§ **TASK GOAL**:
Your answer must repeat all of the entries word for word, without any images.

________

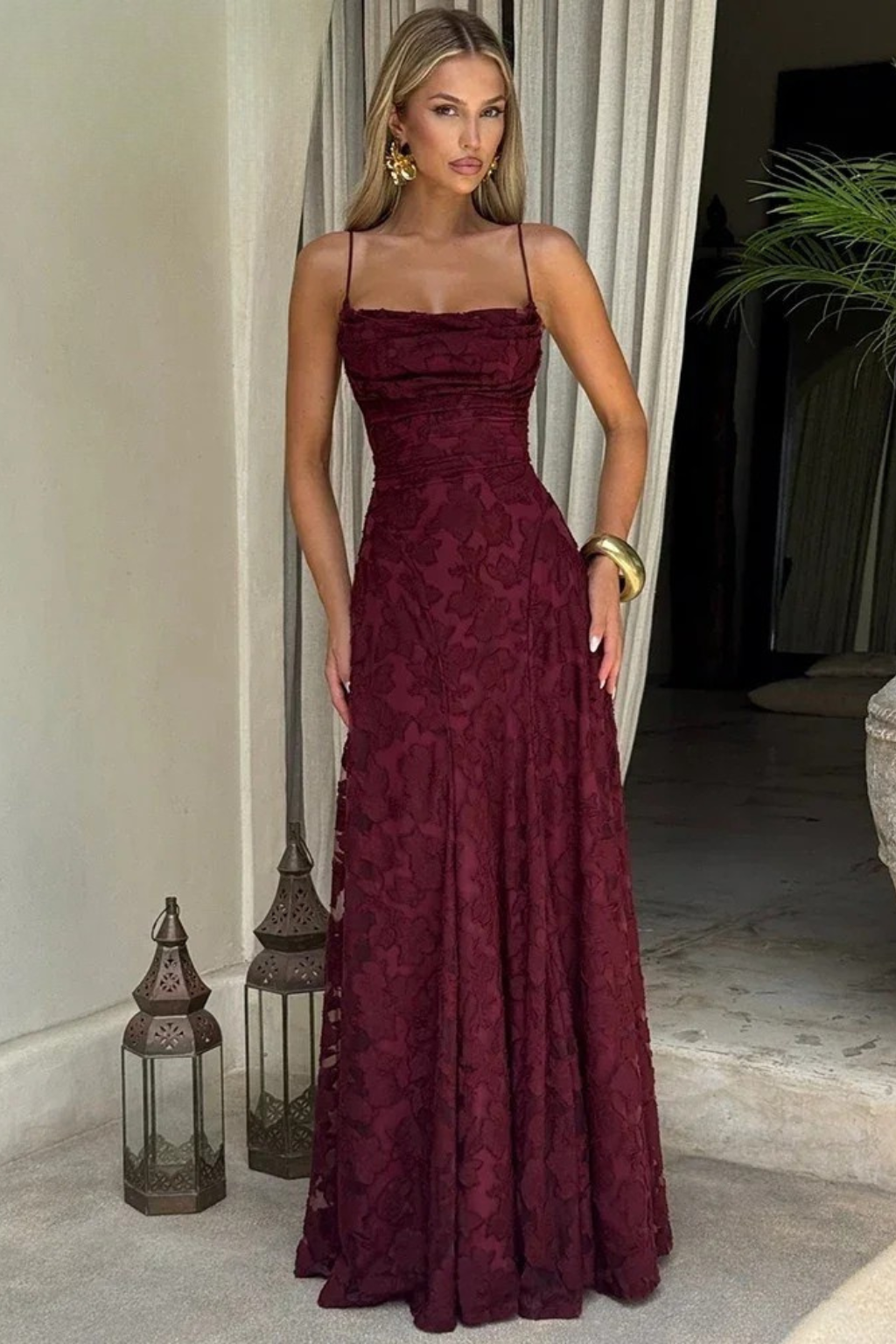 Robe Longue Élégante pour Femmes | Dos Lacé et Ajustable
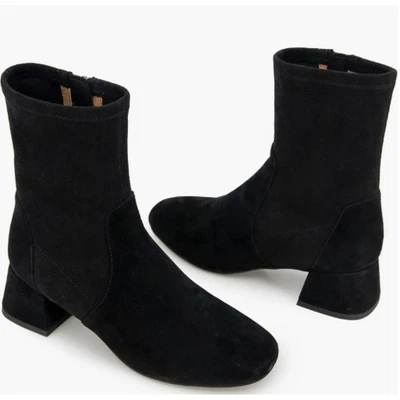 Gentle Souls Negro Gamuza Cuero Elbert Botines Tacón Bloque 11 NUEVO Foto 1 de 4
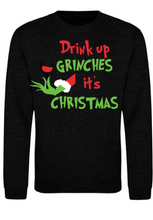 Load image into Gallery viewer, Adults Drink Up Grinches Christmas Jumper.
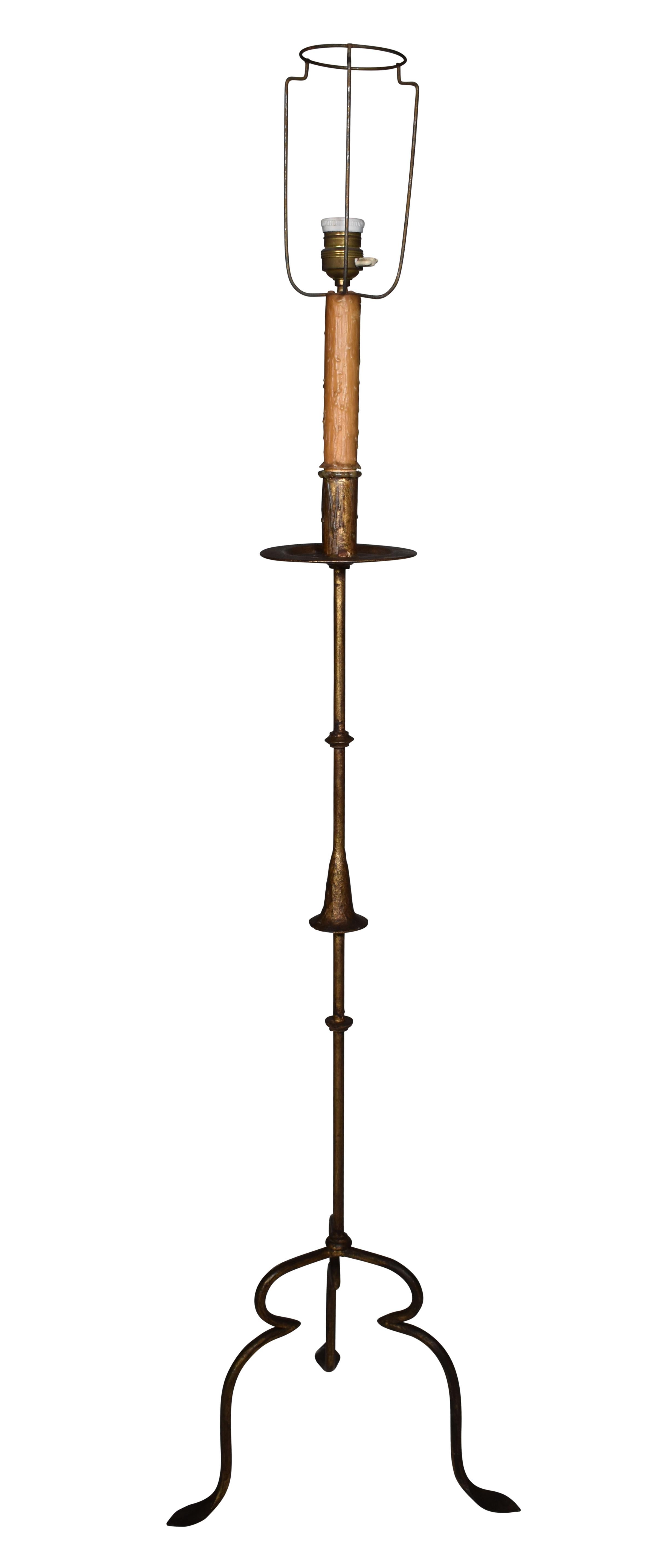 Vintage gilded iron torchier converted into a floor lamp. European wiring - must be rewired to use in US.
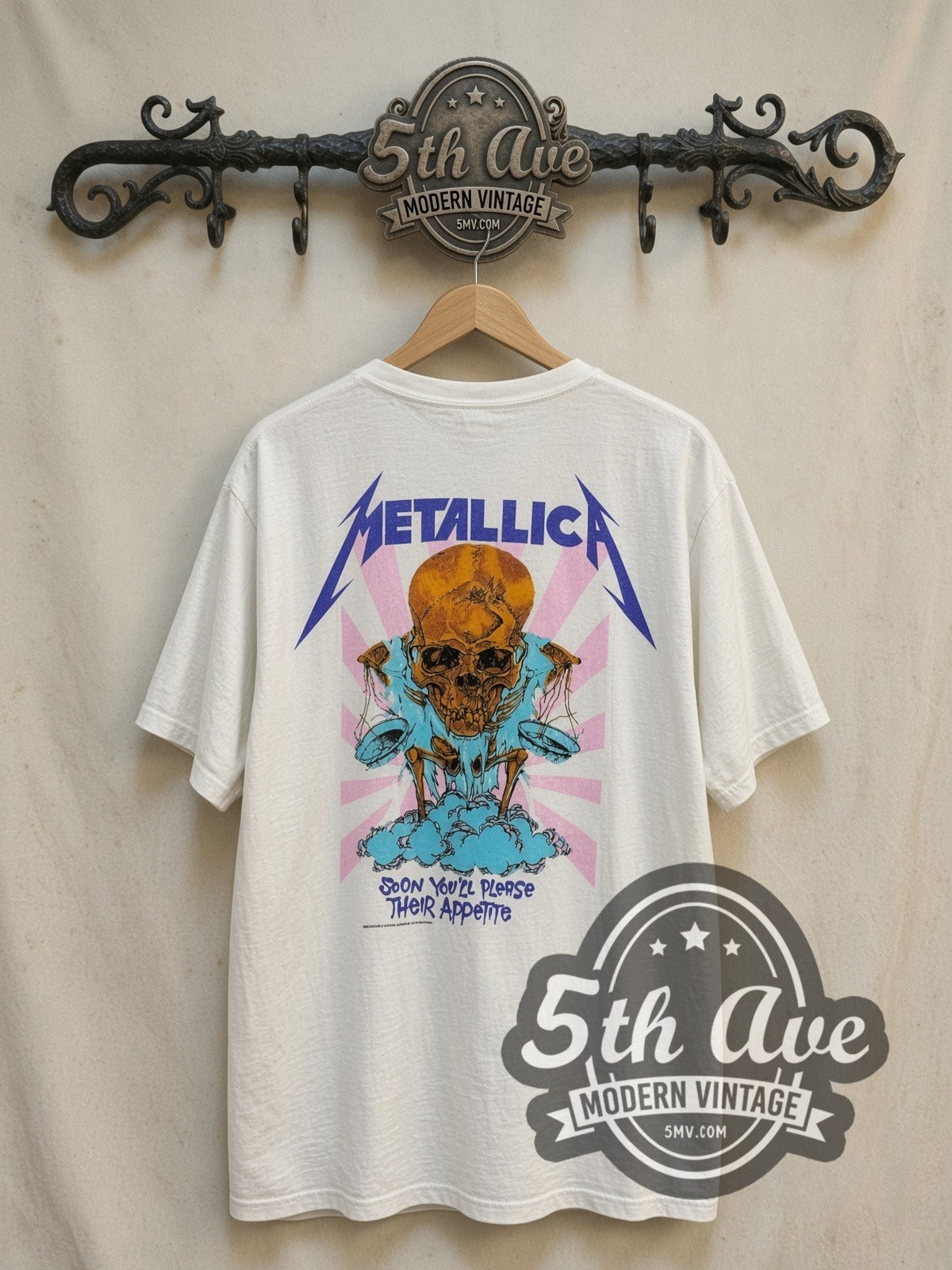 Metallica Their Money Tips Her Scales Again vintage band t-shirt, back view on the 5MV rack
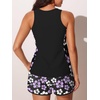 image:imageSummer Mae Blouson Tankini Swimsuits for Women 2026 Tummy Control Two Piece Bathing Suits with Sporty Pockets Swim ShortsLight Purple Floral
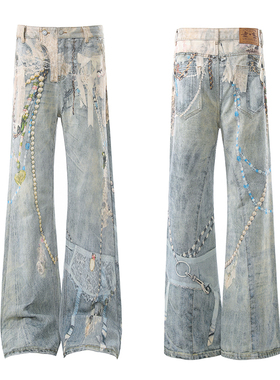 美式复古水洗做旧3D链条印花直筒牛仔裤男女设计感休闲阔腿弯刀裤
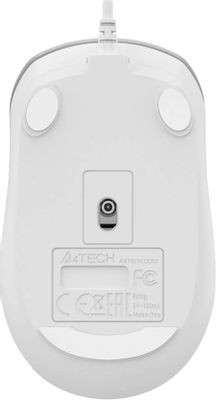 Мышь A4TECH Fstyler FM26, оптическая, проводная, USB, серебристый и белый [fm26 usb (icy white)]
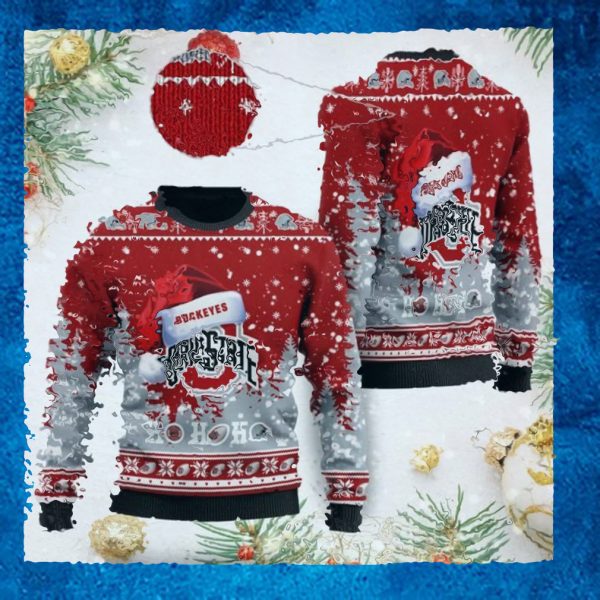 Ohio State Buckeyes NCAA Symbol Wearing Santa Claus Hat Cute Pattern Ho Ho Ho Custom Personalized Ugly Christmas Sweater Woo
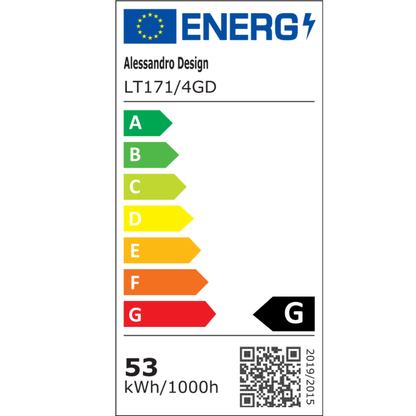 LED Chandelier with Remote Control LINEX, 54W, Light 3000K/4000K/6000K, Dimmable, Gold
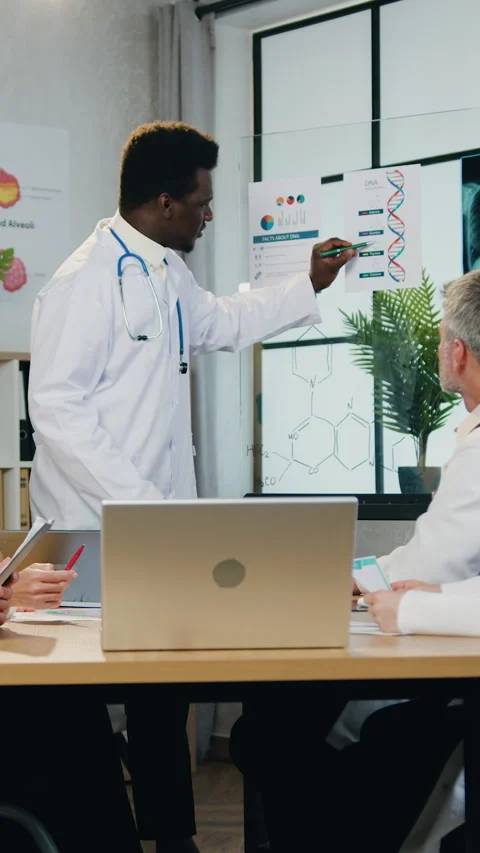 Medicine concept where good-looking purposeful high-skilled multicultural men an Stock Footage 329426749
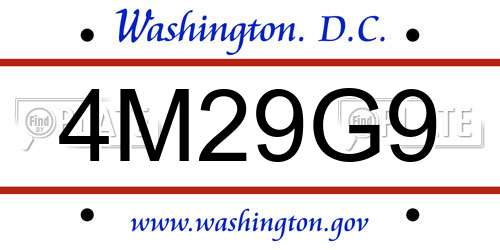 4M29G9 District Of Columbia License Plate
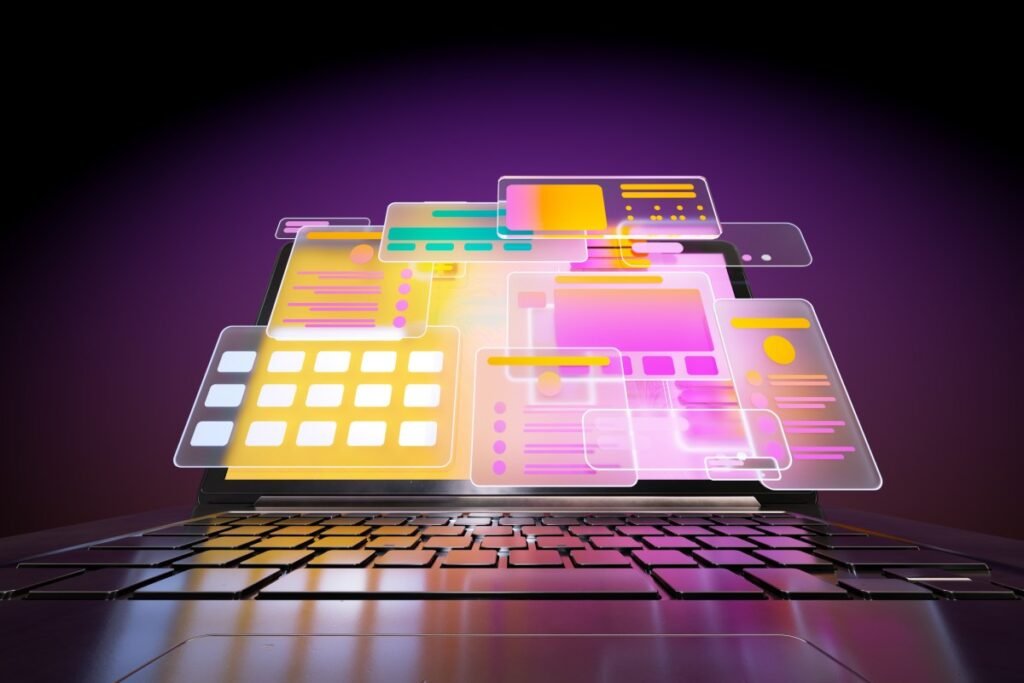 Can a social app fix the ‘terrible devastation’ of social media? Digital generated animated video of multicoloured social media icons and data screens moving out from opened laptop against dark purple background.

________

§ **REPLY**:
 Robe Longue Élégante pour Femmes | Dos Lacé et Ajustable
 Gentle Souls Negro Gamuza Cuero Elbert Botines Tacón Bloque 11 NUEVO Foto 1 de 4
 Load image into Gallery viewer, Adults Drink Up Grinches Christmas Jumper.
 Vintage gilded iron torchier converted into a floor lamp. European wiring - must be rewired to use in US.
 Metallica Their Money Tips Her Scales Again vintage band t-shirt, back view on the 5MV rack
 image:imageSummer Mae Blouson Tankini Swimsuits for Women 2026 Tummy Control Two Piece Bathing Suits with Sporty Pockets Swim ShortsLight Purple Floral
 美式复古水洗做旧3D链条印花直筒牛仔裤男女设计感休闲阔腿弯刀裤
 Мышь A4TECH Fstyler FM26, оптическая, проводная, USB, серебристый и белый [fm26 usb (icy white)]
 Ohio State Buckeyes NCAA Symbol Wearing Santa Claus Hat Cute Pattern Ho Ho Ho Custom Personalized Ugly Christmas Sweater Woo
 LED Chandelier with Remote Control LINEX, 54W, Light 3000K/4000K/6000K, Dimmable, Gold
 Medicine concept where good-looking purposeful high-skilled multicultural men an Stock Footage 329426749
 4M29G9 District Of Columbia License Plate
 Can a social app fix the ‘terrible devastation’ of social media? Digital generated animated video of multicoloured social media icons and data screens moving out from opened laptop against dark purple background.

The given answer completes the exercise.